##### Data for review
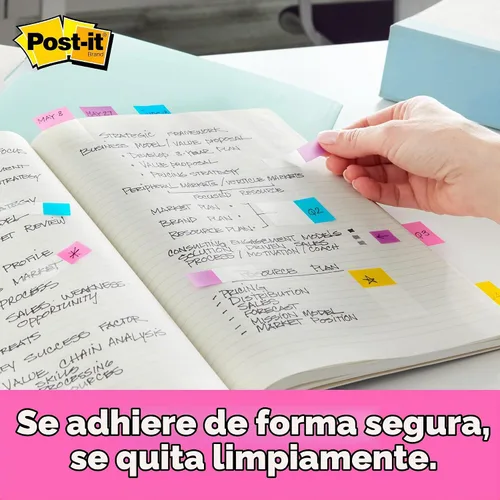 Vista 6 de Post-it Banderas, 1 x 1.7 pulgadas, multicolor, 4 dispensadores, 50 banderas/dispensador
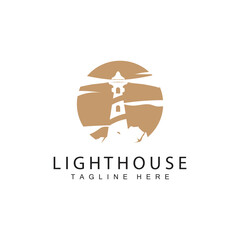 Lighthouse logo beacon tower ship signal simple beach port design template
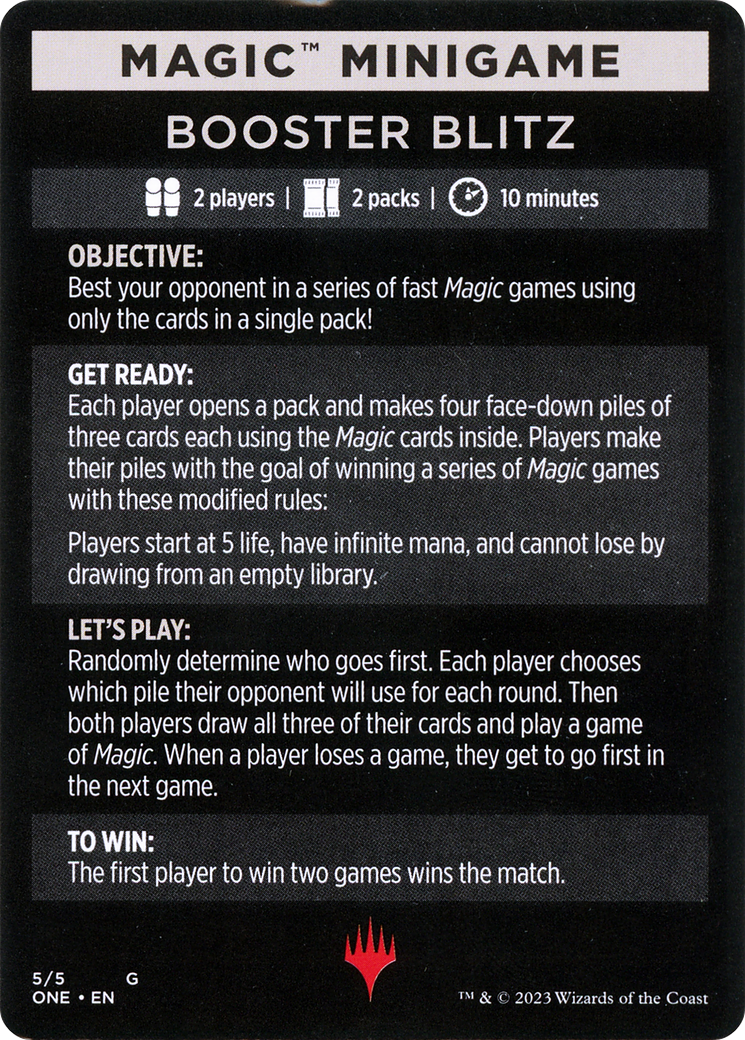 Booster Blitz (MONE-005) [Phyrexia: All Will Be One Minigames]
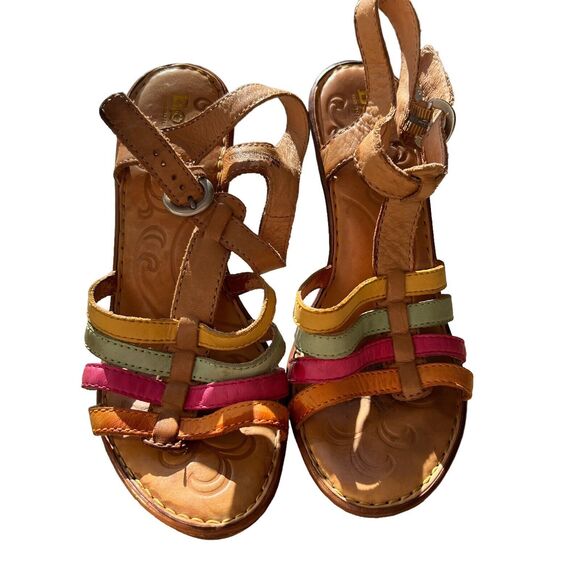 Born Riviera B41302 Strappy Leather Platform Heel Sandals Women's 7 Citrus Combo - Picture 1 of 4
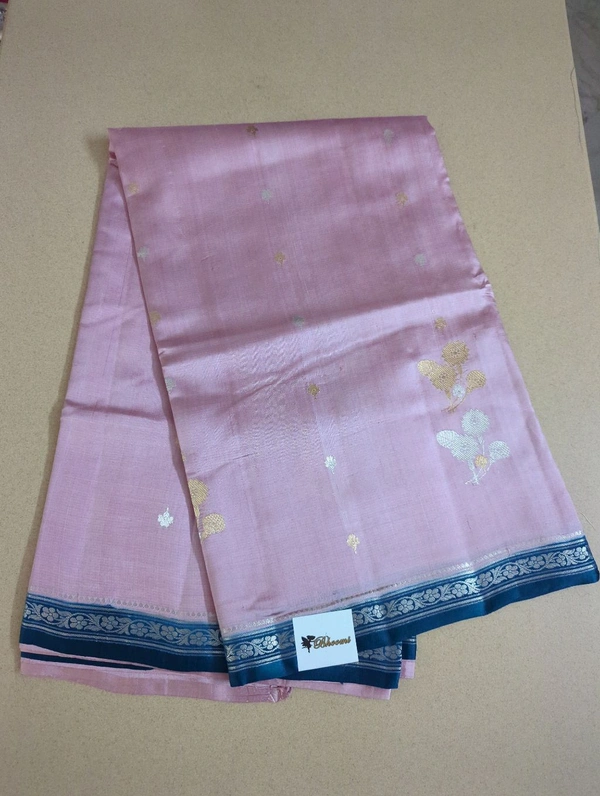 Pure Handloom Raw Mango  - Pink Lace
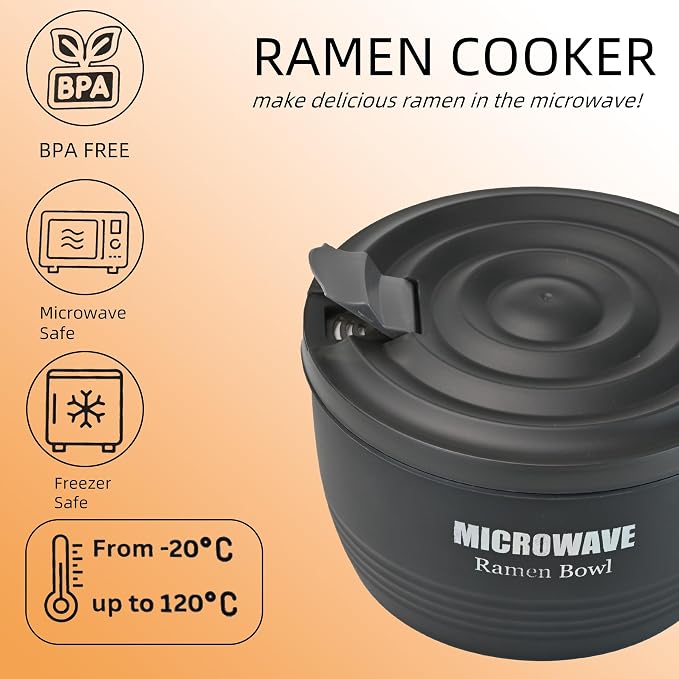 Layron 2 Sets Microwave Ramen Cooker Bowl 45 oz Instant Noodle Bowl with Handles Ramen Noodle Cooker with Spoon Chopsticks Fork Knife College Dorm Room Essentials(Black, Black)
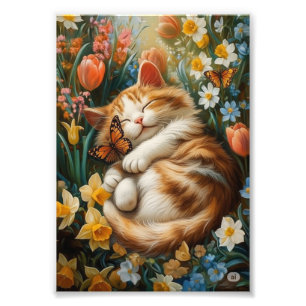 Foto Gatito lindo en las flores de primavera - Día perf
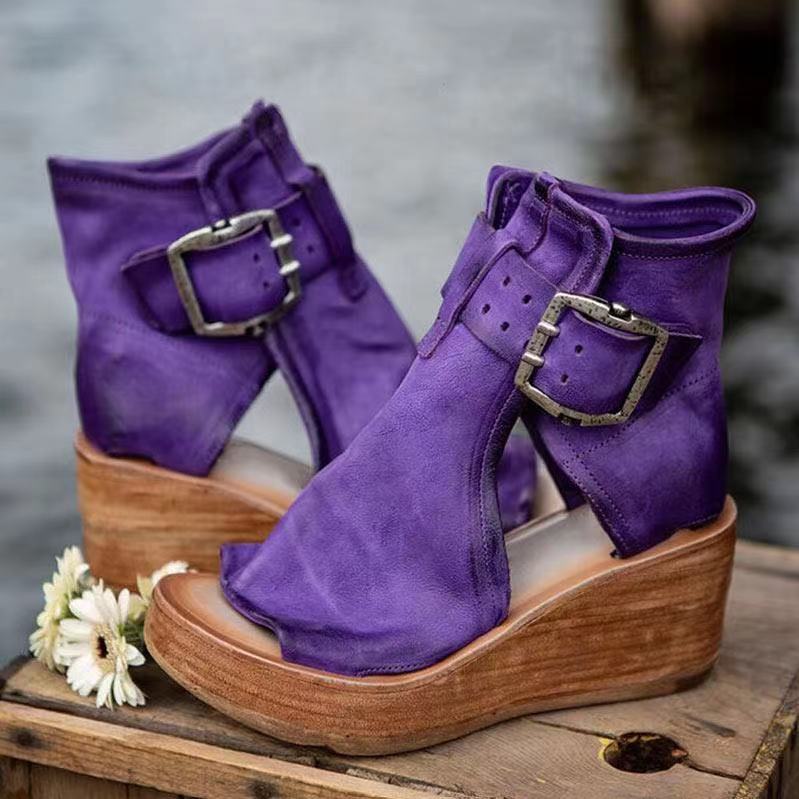 Women's orthopedic boho wedge sandals with buckle for summer comfort and style.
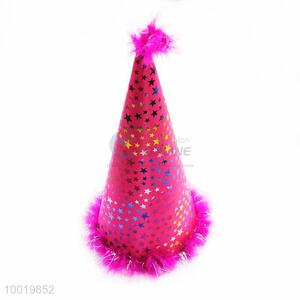 Rose Red Little Star Pattern Top Party Hat For Birthday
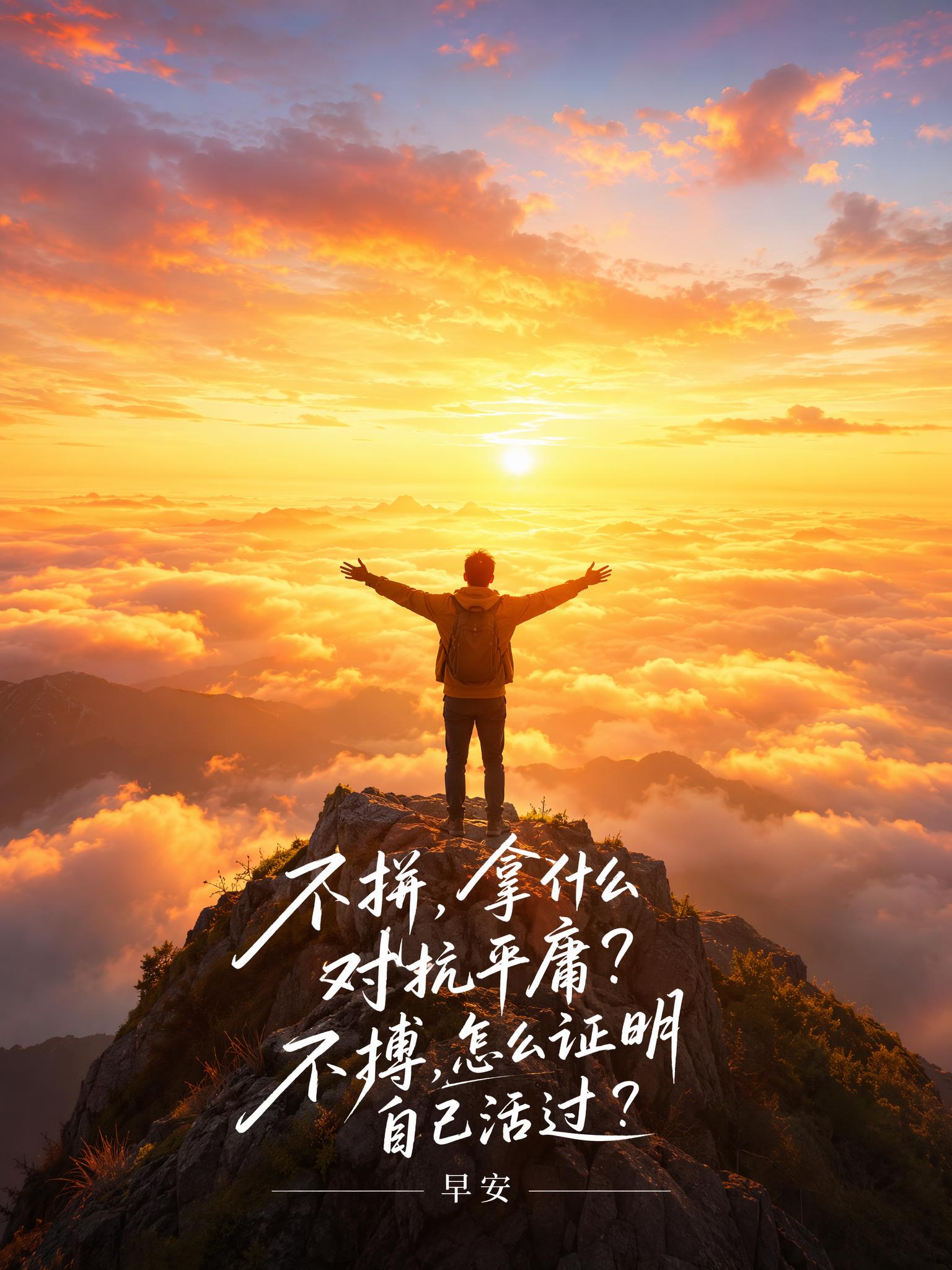 早安日签海报，竖版3:4比例，治愈系暖色调风格，一个人站在山顶… - 图片创意预览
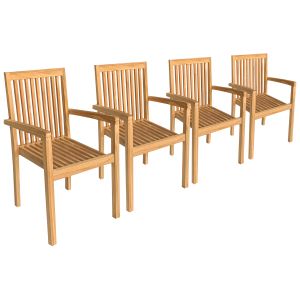 Conjunto de 4 cadeiras de jardim empilhadas java em teca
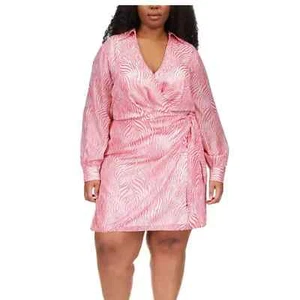 Michael Kors Womens Pink Long Sleeve Collared Zebra Print Wrap Dress Size 1X - Picture 1 of 8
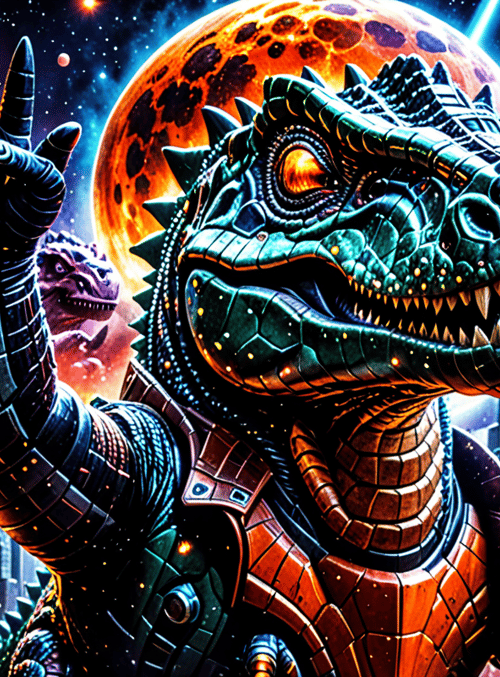 dinosaur, robot, city, skyscraper, alien, monster, spaceship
##########
Requirement - Return the records above in their entirety, word for word, with the pictures removed.

Answer section -
 Vista 6 de Post-it Banderas, 1 x 1.7 pulgadas, multicolor, 4 dispensadores, 50 banderas/dispensador
 Lighthouse logo beacon tower ship signal simple beach port design template
 Booster Blitz (MONE-005) [Phyrexia: All Will Be One Minigames]
 Born Riviera B41302 Strappy Leather Platform Heel Sandals Women's 7 Citrus Combo - Picture 1 of 4
 Pure Handloom Raw Mango  - Pink Lace
 Layron 2 Sets Microwave Ramen Cooker Bowl 45 oz Instant Noodle Bowl with Handles Ramen Noodle Cooker with Spoon Chopsticks Fork Knife College Dorm Room Essentials(Black, Black)
 Foto Gatito lindo en las flores de primavera - Día perf
 Women's orthopedic boho wedge sandals with buckle for summer comfort and style.
 Rose Red Little Star Pattern Top Party Hat For Birthday
 早安日签海报，竖版3:4比例，治愈系暖色调风格，一个人站在山顶… - 图片创意预览
 Conjunto de 4 cadeiras de jardim empilhadas java em teca
 Michael Kors Womens Pink Long Sleeve Collared Zebra Print Wrap Dress Size 1X - Picture 1 of 8
 dinosaur, robot, city, skyscraper, alien, monster, spaceship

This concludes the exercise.